◆ **ACTIVITY**: The following data is to be repeated exactly, its pictures excluded.

****************************************

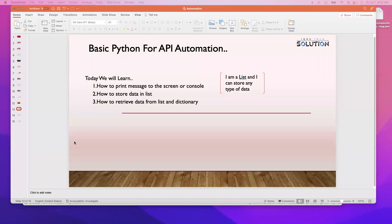Salaam alaikum everyone, this is Ruben. Last lecture we learned about variables and strings, and we will learn those in detail in coming lectures. Right now I just give you a high-level overview. As with all my courses, everything will be 100% hands-on and we are going to learn by doing practical demos.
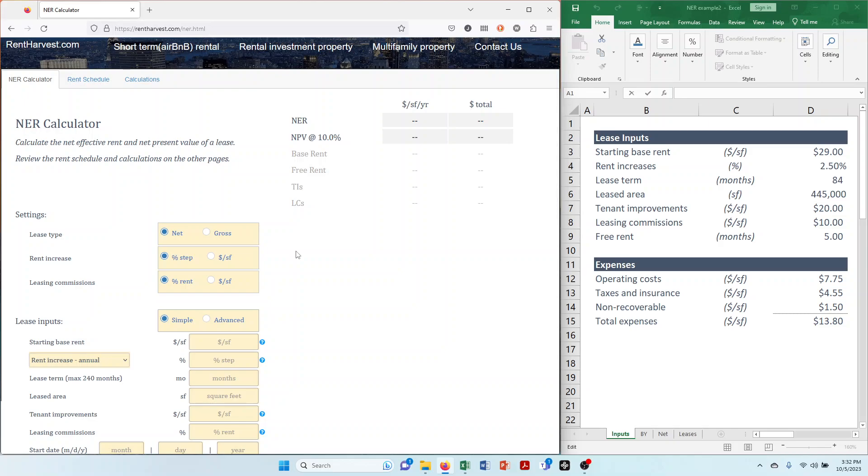In this video I'm going to show you how to use the commercial real estate lease analysis tool on RentHarvest.com. If you're tired of wasting time with Excel spreadsheets, this video goes over exactly what you need to do so you can start using our web-based leasing tool.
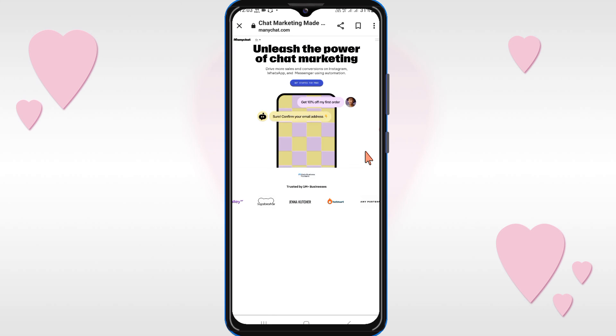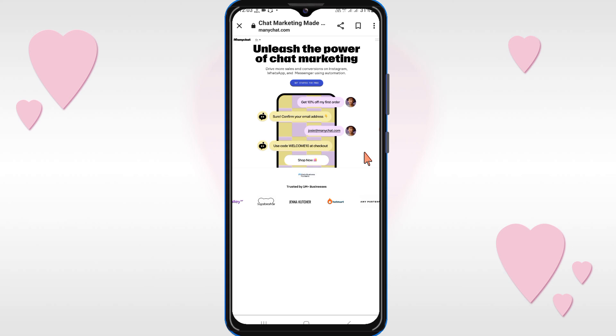So in this way you can disconnect your Instagram account from ManyChat. If this video is helpful for you please like it and subscribe to our channel. Thanks for watching.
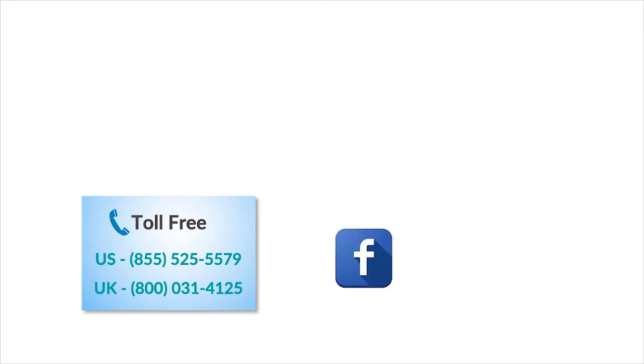To check out more tech videos, click here to subscribe to GuruAid channel. Click here for instant tech support. Call GuruAid toll-free numbers.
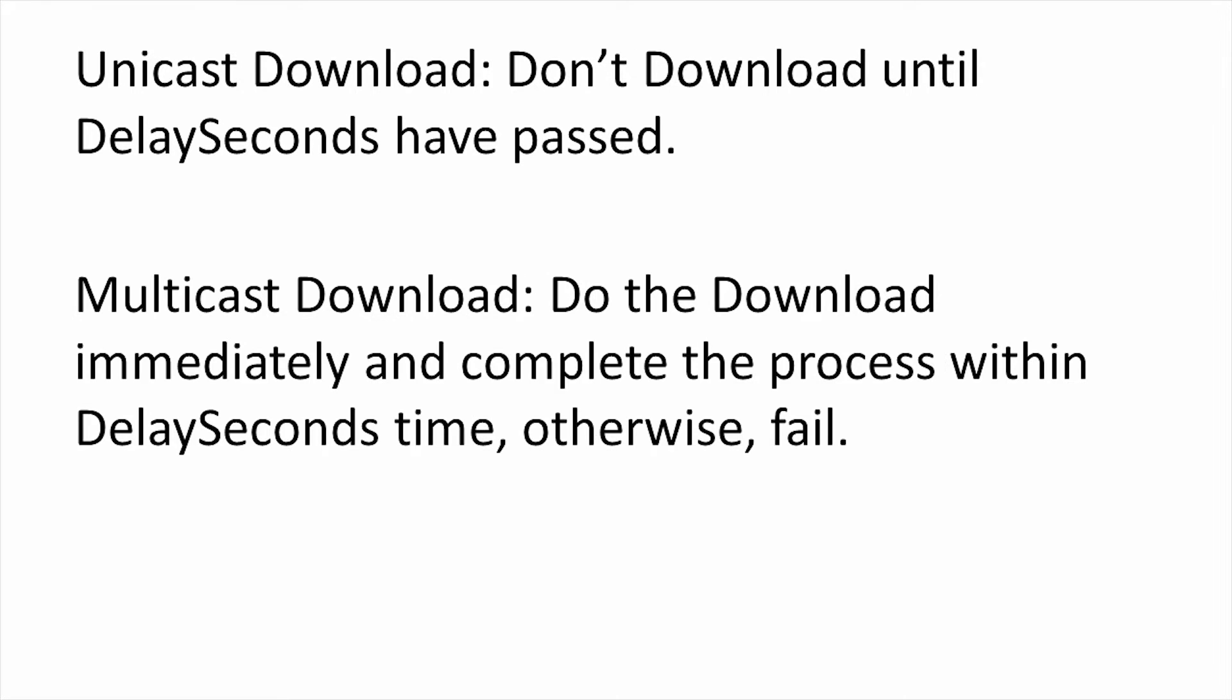For multicast downloads, however, the CPE must begin the download immediately, and this number represents the total time the CPE has to initiate, download, and apply the firmware. If it can't complete the download within this window, it must consider the download to be a failure.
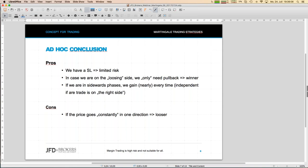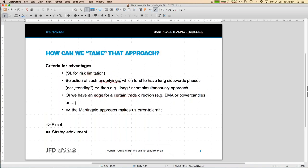We might even go long and short simultaneously — a very strange concept but let's see what it means. The con is: if the price goes constantly in one direction we will have a loser trade, and those will always happen. But now it comes to the taming of this approach.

****************************************

◆ **RESPONSE TO THIS TASK**:
Salaam alaikum everyone, this is Ruben. Last lecture we learned about variables and strings, and we will learn those in detail in coming lectures. Right now I just give you a high-level overview. As with all my courses, everything will be 100% hands-on and we are going to learn by doing practical demos.
In this video I'm going to show you how to use the commercial real estate lease analysis tool on RentHarvest.com. If you're tired of wasting time with Excel spreadsheets, this video goes over exactly what you need to do so you can start using our web-based leasing tool.
So in this way you can disconnect your Instagram account from ManyChat. If this video is helpful for you please like it and subscribe to our channel. Thanks for watching.
To check out more tech videos, click here to subscribe to GuruAid channel. Click here for instant tech support. Call GuruAid toll-free numbers.
For multicast downloads, however, the CPE must begin the download immediately, and this number represents the total time the CPE has to initiate, download, and apply the firmware. If it can't complete the download within this window, it must consider the download to be a failure.
We might even go long and short simultaneously — a very strange concept but let's see what it means. The con is: if the price goes constantly in one direction we will have a loser trade, and those will always happen. But now it comes to the taming of this approach.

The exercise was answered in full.